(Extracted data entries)

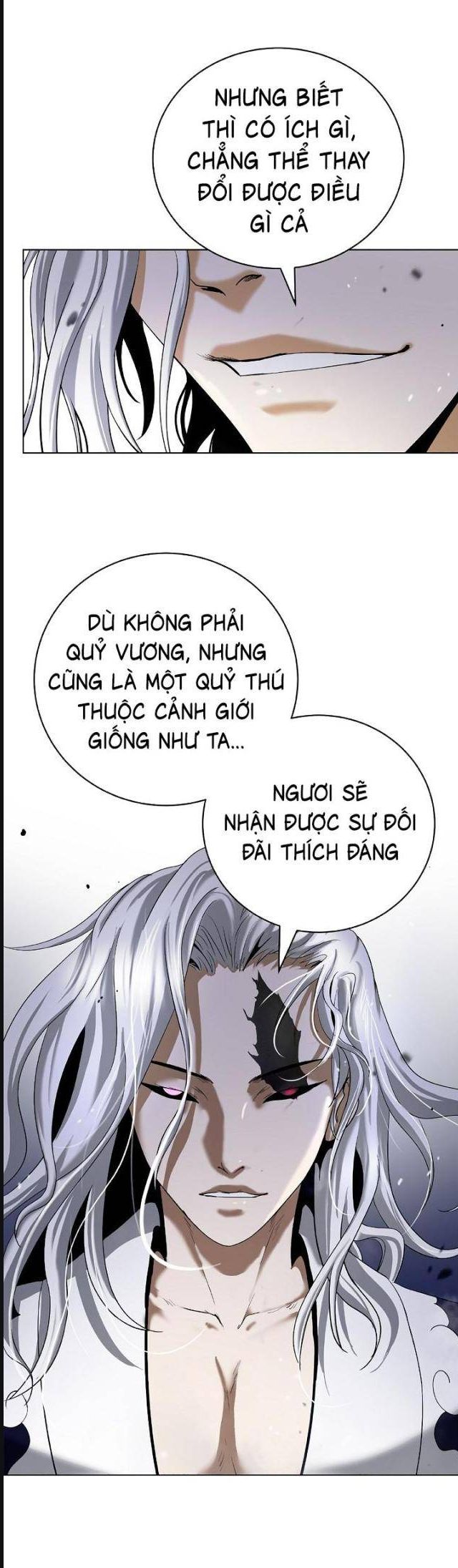 Lãng Tiên Kỳ Đàm Chap 163 - Next Chap 164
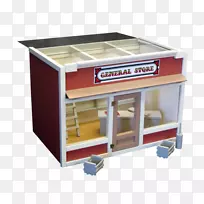 玩具屋真正的好玩具网站食品-玩具店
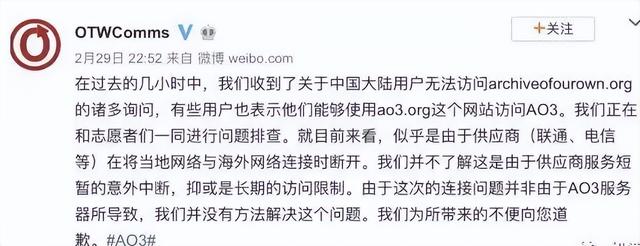 肖战的QQ群，肖战官方qq粉丝群？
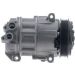 Kompressor, Klimaanlage ACP 1564 000P Kompressor, Klimaanlage ACP 1564 000P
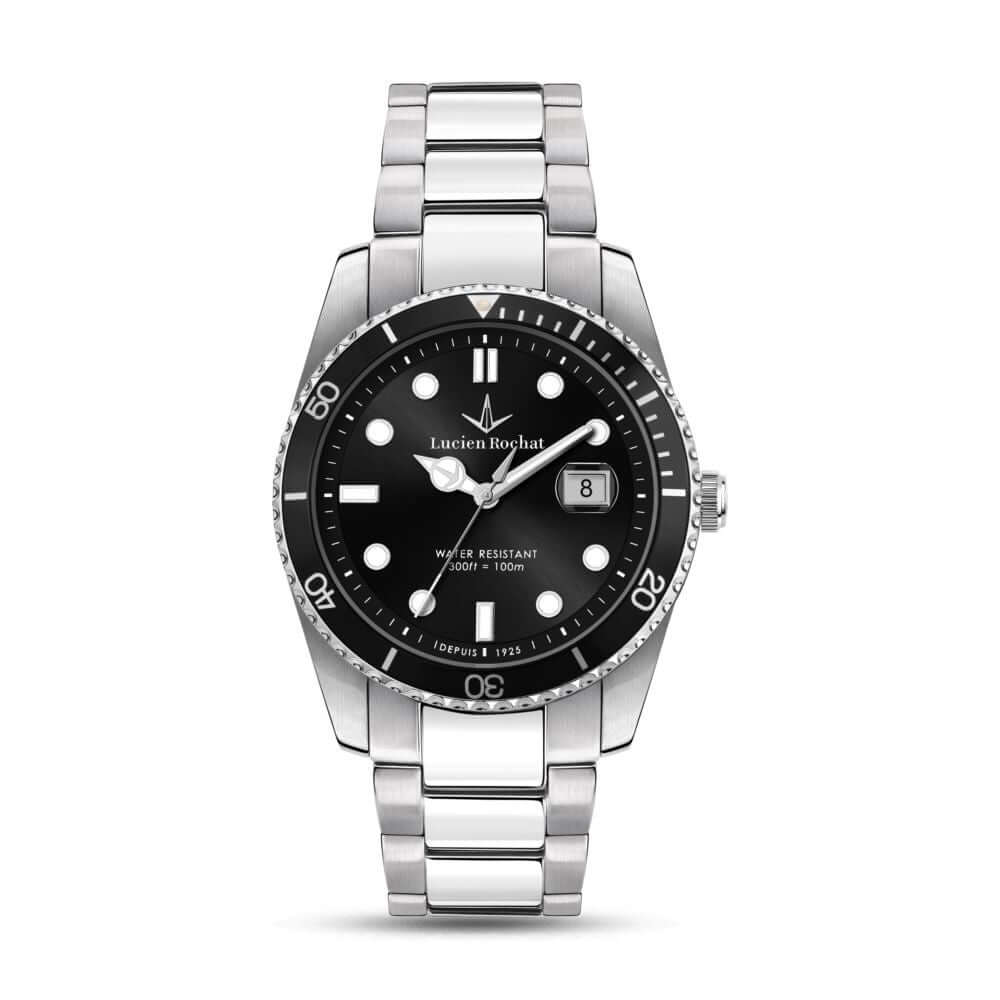 LUCIEN ROCHAT MOD. R0453117001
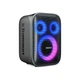 Акустическая система Tronsmart Halo 200 Black (868659) - изображение 1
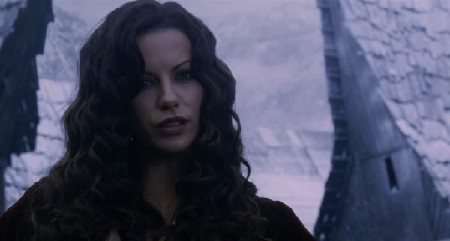 ��� �������� / Van Helsing (2004 / BDRip / 2.18Gb / �DRip / 1,46Gb / 792Mb)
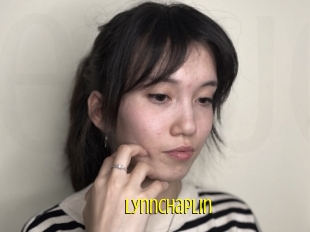 Lynnchaplin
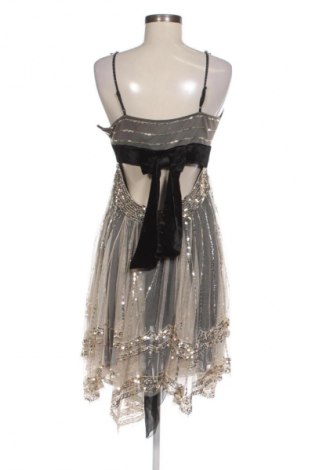 Šaty  Karen Millen, Velikost M, Barva Vícebarevné, Cena  2 425,00 Kč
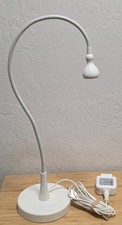 Ikea jansjo white for sale  Mesa
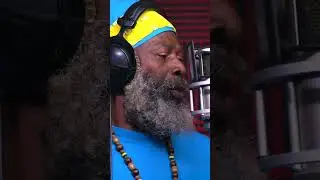 Capleton - Dubplate - Little Lion Sound - Who Dem #Reggae #littlelionsound #capleton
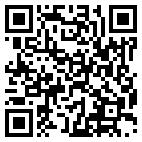 QR Code for Jat Restaurants in Albertville, MN 55301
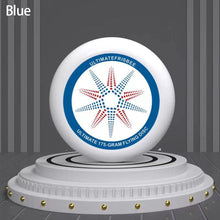 Load image into Gallery viewer, 1PC 27CM Professional Ultimate Outdoor Playing Flying Saucer Game Flying Disk Competition Flying Disc For Children Adult
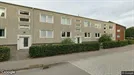 Lägenhet att hyra, Varberg, &lt;span class=&quot;blurred street&quot; onclick=&quot;ProcessAdRequest(5132363)&quot;&gt;&lt;span class=&quot;hint&quot;&gt;Se gatunamn&lt;/span&gt;[xxxxxxxxxx]&lt;/span&gt;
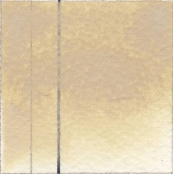 Aquarelle EF QoR 11ml Chamois de titane S1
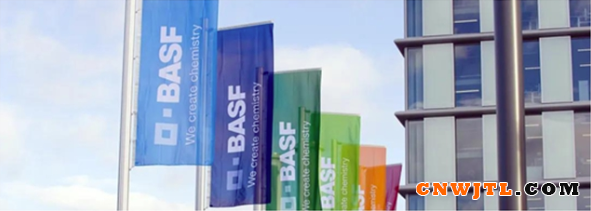 漲價顯效，巴斯夫二季度營收、利潤雙增 涂料在線,coatingol.com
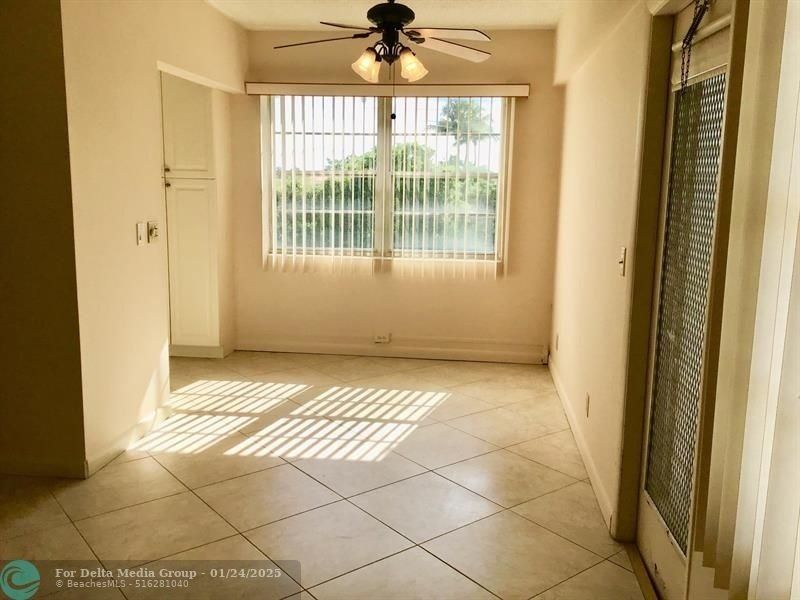 336 Brighton H, Unit 336, Boca Raton, FL 33434 Photo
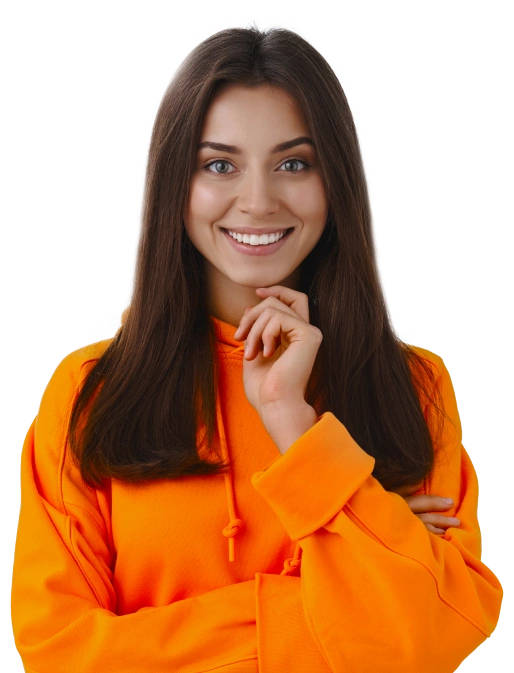 Ростелеком интернет-провайдер в&nbsp;село Большая Каменка (Саратовская область)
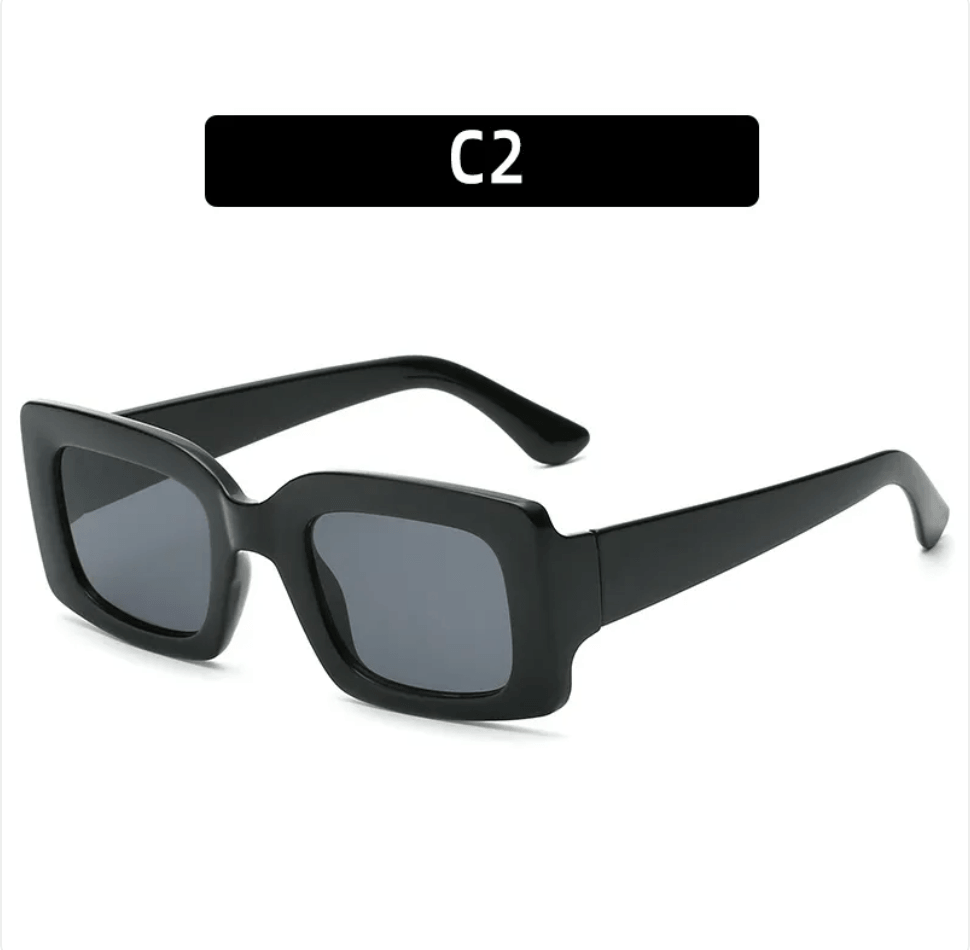 Women’s UV400 Sunglasses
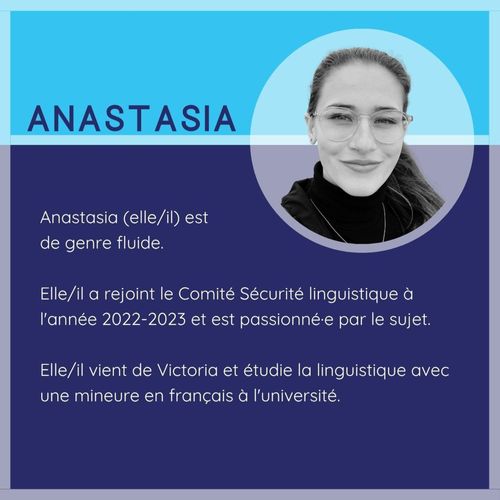 anastasia_resultat.jpg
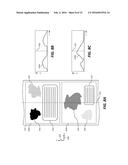 CONTROLLING AN ELECTROPHOTOGRAPHIC PRINTER USING AN IMAGE REGION DATABASE diagram and image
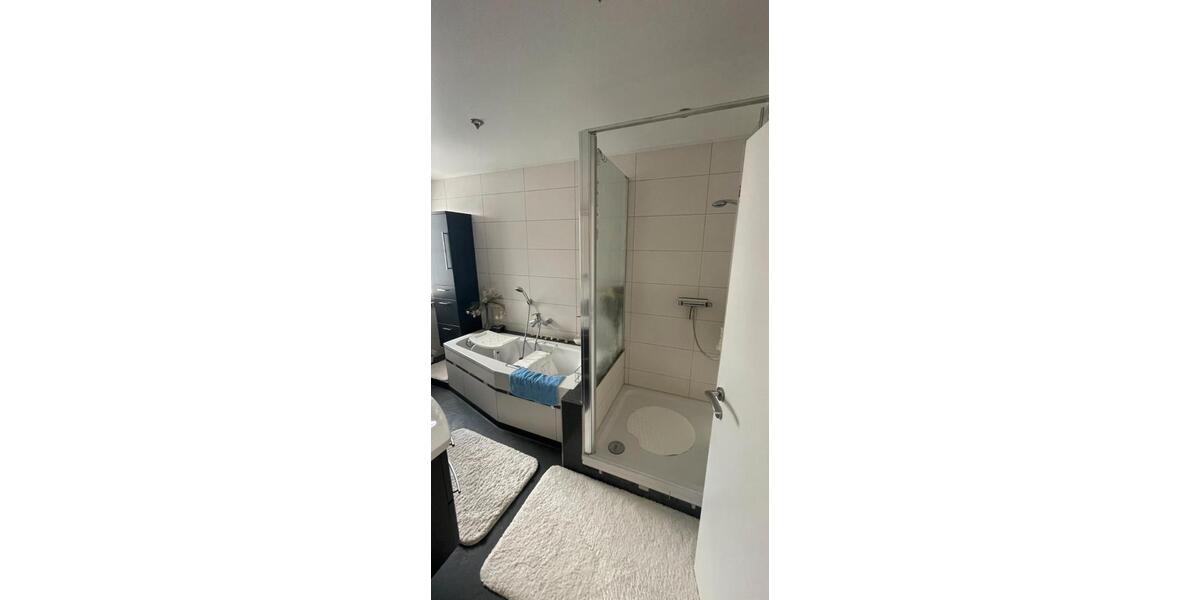 Einfamilienhaus Osterwieck Dardesheim - 10 Zimmer, 280 m&sup2;, 225.000&euro; | Angebot:27076993
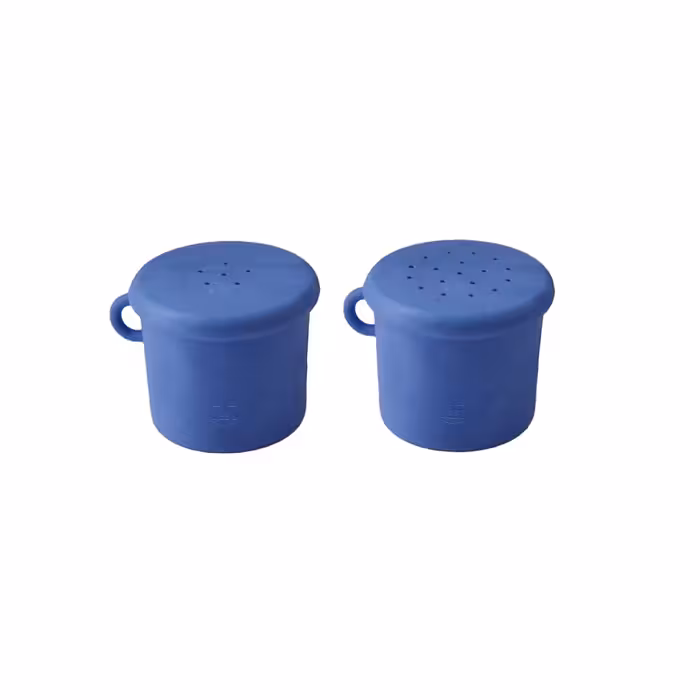 سرشیر آب روان ریز مدل RR-WF4 مجموعه 2 عددی 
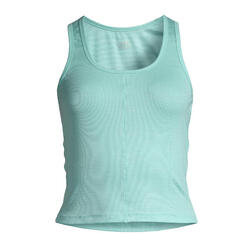 Débardeur d'entraînement femme Casall Delight Scoop Neck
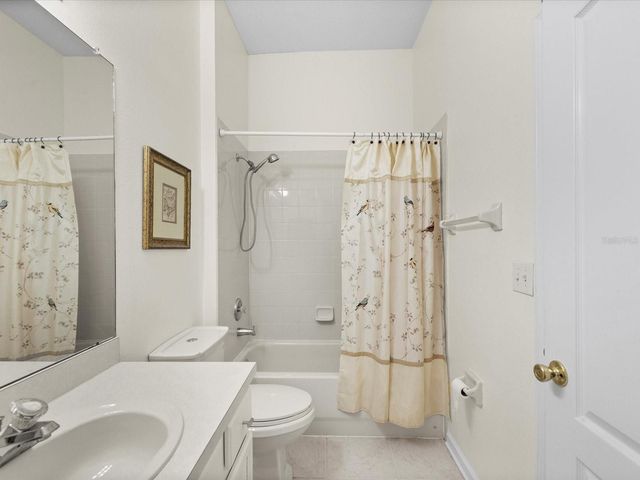 26249 SWORD DANCER DRIVE, Wesley Chapel, FL 33544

REQUIRED ACTION: Out of the records above, return only the lines from the one with "1,46Gb / 792Mb)" through the one with "Load image into", exactly, and none of the pictures.

ANSWER TO THIS PROBLEM:
 ��� �������� / Van Helsing (2004 / BDRip / 2.18Gb / �DRip / 1,46Gb / 792Mb)
 Lynnchaplin
 Šaty  Karen Millen, Velikost M, Barva Vícebarevné, Cena  2 425,00 Kč
 Ikea jansjo white for sale  Mesa
 Capleton - Dubplate - Little Lion Sound - Who Dem #Reggae #littlelionsound #capleton
 QR Code for Jat Restaurants in Albertville, MN 55301
 Load image into Gallery viewer, 1PC 27CM Professional Ultimate Outdoor Playing Flying Saucer Game Flying Disk Competition Flying Disc For Children Adult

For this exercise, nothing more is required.